Context: Find the maximum flow through a directed graph from s to t. Capacities are all integers.

If I'm not mistaken, Edmonds-Karp runs in O(VE²); and if we don't use a BFS but a DFS instead, it runs in O(E*f) where f is the maximum flow (https://en.wikipedia.org/wiki/Maximum_flow_problem) (proofs: https://enos.itcollege.ee/~japoia/algorithms/GT/Introduction_to_algorithms-3rd%20Edition.pdf chapter 26).

I was a bit surprised that Edmonds-Karp wouldn't pass (but I guess it makes sense looking at the constraints) on a cses problem ( https://cses.fi/problemset/task/1694 ). What really surprised me is that the O(E*f) solution passed (https://cses.fi/paste/aba73738dacf15c9ac0337/ even though the capacities can go up to 10^9 so the max flow can definitely go up to 10^9). I'm now trying to hack my own DFS solution, so I tried to hardcore brute force it by generating billions of inputs and seeing if my DFS would time out on one of them: https://pastebin.com/ijUZDn3G. But that ran so fast (within a minute..) without finding any bad cases...

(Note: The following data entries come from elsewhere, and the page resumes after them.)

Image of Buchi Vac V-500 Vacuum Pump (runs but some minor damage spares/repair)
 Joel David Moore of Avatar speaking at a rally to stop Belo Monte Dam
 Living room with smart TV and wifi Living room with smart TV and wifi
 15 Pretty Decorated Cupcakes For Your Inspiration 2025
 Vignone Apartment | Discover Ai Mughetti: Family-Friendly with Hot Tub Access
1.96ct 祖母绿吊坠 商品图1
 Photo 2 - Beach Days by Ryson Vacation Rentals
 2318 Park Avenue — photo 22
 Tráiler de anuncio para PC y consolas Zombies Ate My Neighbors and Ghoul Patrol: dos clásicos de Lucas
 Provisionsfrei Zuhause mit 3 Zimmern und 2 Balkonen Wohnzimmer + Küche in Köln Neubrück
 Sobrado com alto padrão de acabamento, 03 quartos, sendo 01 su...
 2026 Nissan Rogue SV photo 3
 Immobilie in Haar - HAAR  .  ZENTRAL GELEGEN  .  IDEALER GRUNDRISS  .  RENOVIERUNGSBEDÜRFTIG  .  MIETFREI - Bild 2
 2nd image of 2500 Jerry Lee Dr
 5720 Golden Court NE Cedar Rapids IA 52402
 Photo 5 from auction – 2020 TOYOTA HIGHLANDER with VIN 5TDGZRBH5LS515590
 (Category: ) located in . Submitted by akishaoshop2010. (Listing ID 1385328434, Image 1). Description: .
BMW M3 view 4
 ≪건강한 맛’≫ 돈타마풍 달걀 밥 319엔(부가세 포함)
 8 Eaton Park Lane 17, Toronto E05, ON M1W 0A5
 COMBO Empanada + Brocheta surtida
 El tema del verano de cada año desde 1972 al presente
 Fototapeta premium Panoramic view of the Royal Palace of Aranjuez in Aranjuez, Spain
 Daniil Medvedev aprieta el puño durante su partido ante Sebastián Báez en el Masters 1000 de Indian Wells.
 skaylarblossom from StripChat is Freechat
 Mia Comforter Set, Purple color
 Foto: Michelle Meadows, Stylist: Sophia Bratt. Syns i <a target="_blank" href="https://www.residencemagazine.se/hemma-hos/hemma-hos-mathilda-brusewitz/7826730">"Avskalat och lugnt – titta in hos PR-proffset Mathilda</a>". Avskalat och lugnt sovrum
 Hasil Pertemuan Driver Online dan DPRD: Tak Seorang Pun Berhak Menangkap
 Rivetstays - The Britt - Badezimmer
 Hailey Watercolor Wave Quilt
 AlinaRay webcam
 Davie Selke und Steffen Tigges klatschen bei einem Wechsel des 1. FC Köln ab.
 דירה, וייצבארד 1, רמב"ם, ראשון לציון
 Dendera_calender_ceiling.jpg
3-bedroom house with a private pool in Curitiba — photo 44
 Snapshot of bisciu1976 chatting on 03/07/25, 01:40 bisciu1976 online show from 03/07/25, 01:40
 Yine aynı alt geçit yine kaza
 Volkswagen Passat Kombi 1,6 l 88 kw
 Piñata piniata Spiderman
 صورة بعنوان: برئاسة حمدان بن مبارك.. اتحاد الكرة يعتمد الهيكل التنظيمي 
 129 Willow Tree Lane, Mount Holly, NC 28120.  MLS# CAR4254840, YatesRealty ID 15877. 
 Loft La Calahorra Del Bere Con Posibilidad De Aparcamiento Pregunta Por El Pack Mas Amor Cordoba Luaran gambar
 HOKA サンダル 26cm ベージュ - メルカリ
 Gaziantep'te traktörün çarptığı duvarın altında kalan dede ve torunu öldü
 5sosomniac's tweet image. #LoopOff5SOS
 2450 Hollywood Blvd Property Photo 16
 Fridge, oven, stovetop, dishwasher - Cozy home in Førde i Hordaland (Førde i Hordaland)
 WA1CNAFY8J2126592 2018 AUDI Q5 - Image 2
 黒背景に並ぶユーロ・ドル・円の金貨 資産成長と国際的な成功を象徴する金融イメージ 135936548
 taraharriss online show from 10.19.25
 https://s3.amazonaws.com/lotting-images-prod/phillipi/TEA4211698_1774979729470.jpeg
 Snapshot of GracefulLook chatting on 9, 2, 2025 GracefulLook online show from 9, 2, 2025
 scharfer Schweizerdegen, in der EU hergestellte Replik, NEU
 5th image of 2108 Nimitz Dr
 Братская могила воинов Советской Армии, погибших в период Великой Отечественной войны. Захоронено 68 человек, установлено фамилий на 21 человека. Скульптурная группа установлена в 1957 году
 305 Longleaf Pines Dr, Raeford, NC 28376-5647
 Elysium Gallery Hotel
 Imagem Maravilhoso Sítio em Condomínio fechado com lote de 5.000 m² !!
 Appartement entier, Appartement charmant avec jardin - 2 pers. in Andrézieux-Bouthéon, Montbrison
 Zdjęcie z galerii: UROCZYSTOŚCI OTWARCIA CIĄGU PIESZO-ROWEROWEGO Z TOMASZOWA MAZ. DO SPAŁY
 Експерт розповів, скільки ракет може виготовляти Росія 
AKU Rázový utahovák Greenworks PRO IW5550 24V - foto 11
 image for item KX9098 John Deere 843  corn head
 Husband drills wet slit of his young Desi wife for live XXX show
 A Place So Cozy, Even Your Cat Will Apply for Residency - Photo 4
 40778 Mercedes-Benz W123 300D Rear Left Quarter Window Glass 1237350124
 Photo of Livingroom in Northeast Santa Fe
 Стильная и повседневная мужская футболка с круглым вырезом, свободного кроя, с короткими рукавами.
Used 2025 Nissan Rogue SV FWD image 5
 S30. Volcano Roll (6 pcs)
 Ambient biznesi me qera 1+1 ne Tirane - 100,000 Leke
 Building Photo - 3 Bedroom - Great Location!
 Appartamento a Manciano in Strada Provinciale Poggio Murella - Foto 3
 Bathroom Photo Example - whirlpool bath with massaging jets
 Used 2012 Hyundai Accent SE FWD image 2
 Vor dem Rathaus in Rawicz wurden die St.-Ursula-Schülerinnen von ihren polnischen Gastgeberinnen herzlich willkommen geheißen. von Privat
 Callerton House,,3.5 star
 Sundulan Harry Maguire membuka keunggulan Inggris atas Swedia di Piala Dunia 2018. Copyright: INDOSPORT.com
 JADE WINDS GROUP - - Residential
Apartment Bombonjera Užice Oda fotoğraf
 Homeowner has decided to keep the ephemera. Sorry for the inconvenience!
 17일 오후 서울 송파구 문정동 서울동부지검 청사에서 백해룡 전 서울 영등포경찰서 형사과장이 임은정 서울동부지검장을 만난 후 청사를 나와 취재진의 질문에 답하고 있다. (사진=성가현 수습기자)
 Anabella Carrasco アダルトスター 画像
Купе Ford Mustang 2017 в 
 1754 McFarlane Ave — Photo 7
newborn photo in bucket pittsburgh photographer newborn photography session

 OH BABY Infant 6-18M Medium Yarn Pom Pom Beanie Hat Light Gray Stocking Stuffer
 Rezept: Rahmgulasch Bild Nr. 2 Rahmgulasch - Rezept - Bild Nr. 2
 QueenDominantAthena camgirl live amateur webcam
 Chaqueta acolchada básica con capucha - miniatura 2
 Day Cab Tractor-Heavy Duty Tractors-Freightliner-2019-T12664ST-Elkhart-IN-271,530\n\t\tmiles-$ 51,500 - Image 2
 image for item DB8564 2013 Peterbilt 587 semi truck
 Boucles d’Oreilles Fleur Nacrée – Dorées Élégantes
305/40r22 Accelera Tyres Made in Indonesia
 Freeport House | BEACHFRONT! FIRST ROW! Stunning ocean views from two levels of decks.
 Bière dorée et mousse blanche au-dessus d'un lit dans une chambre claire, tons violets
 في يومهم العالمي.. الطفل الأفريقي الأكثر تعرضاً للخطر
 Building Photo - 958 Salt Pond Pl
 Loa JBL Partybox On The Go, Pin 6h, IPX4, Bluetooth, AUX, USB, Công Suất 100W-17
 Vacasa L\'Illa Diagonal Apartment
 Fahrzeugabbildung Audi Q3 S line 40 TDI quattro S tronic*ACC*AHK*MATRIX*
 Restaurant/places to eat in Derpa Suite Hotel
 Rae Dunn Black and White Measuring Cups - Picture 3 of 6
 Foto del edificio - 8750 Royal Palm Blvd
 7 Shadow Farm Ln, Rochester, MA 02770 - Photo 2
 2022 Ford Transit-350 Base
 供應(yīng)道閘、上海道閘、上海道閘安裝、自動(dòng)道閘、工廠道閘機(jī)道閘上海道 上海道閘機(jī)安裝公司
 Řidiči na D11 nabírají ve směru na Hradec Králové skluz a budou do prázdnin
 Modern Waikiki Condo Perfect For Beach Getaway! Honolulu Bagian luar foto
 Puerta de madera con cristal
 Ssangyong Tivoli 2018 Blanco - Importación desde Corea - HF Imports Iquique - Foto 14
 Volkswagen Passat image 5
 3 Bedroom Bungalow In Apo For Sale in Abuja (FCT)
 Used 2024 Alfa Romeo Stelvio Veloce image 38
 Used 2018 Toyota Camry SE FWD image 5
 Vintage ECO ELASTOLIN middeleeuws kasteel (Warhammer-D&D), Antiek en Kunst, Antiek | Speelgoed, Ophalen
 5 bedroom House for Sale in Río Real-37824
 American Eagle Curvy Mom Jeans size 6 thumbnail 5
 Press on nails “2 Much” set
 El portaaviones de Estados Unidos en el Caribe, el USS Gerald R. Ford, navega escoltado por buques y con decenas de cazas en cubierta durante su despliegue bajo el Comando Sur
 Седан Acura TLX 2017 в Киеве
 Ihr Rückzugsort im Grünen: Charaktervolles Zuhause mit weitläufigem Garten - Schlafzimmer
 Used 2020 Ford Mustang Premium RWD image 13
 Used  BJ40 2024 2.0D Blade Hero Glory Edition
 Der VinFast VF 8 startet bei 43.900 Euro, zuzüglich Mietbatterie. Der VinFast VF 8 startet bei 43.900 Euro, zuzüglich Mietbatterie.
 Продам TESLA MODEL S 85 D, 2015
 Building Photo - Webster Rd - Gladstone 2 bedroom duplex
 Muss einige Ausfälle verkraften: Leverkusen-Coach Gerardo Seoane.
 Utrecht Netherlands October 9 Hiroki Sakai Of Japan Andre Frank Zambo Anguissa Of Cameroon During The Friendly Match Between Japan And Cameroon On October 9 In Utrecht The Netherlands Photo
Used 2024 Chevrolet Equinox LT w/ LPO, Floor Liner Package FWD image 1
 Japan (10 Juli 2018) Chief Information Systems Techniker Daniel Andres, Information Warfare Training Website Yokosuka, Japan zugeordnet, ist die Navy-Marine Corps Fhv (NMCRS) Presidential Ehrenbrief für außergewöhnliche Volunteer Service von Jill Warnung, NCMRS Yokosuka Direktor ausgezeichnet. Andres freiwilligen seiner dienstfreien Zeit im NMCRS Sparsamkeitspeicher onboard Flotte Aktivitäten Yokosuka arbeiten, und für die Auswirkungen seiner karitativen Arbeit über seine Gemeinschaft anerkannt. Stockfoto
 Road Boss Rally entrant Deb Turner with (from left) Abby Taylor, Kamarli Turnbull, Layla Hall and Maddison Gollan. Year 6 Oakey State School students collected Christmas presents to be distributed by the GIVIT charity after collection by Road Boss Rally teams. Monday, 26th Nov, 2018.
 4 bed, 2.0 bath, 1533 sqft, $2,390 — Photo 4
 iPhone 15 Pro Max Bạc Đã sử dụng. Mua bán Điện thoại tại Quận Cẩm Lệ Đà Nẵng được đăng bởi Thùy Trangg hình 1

The worst-case example on wikipedia for that O(E*f) (https://en.wikipedia.org/wiki/Ford%E2%80%93Fulkerson_algorithm) doesn't work for a fixed adjacency list. It just shows that if a bad actor could choose what order DFS goes through the graph, then the algorithm could become crazily slow.

I heard there is this test case generator to hack those O(E*f) solutions but I'll be honest, I don't speak Japanese and I'm not advanced enough to figure out what's happening: https://web.archive.org/web/20211009144446/https://min-25.hatenablog.com/entry/2018/03/19/235802

TL;DR: this code passes https://cses.fi/paste/aba73738dacf15c9ac0337/ even though it's O(E*f) and the capacities can go up to 10^9; please hack me.

(EDIT: my comment in the code saying "DFS to find shortest s-t path" is wrong, it's a remnant comment from when I was coding BFS)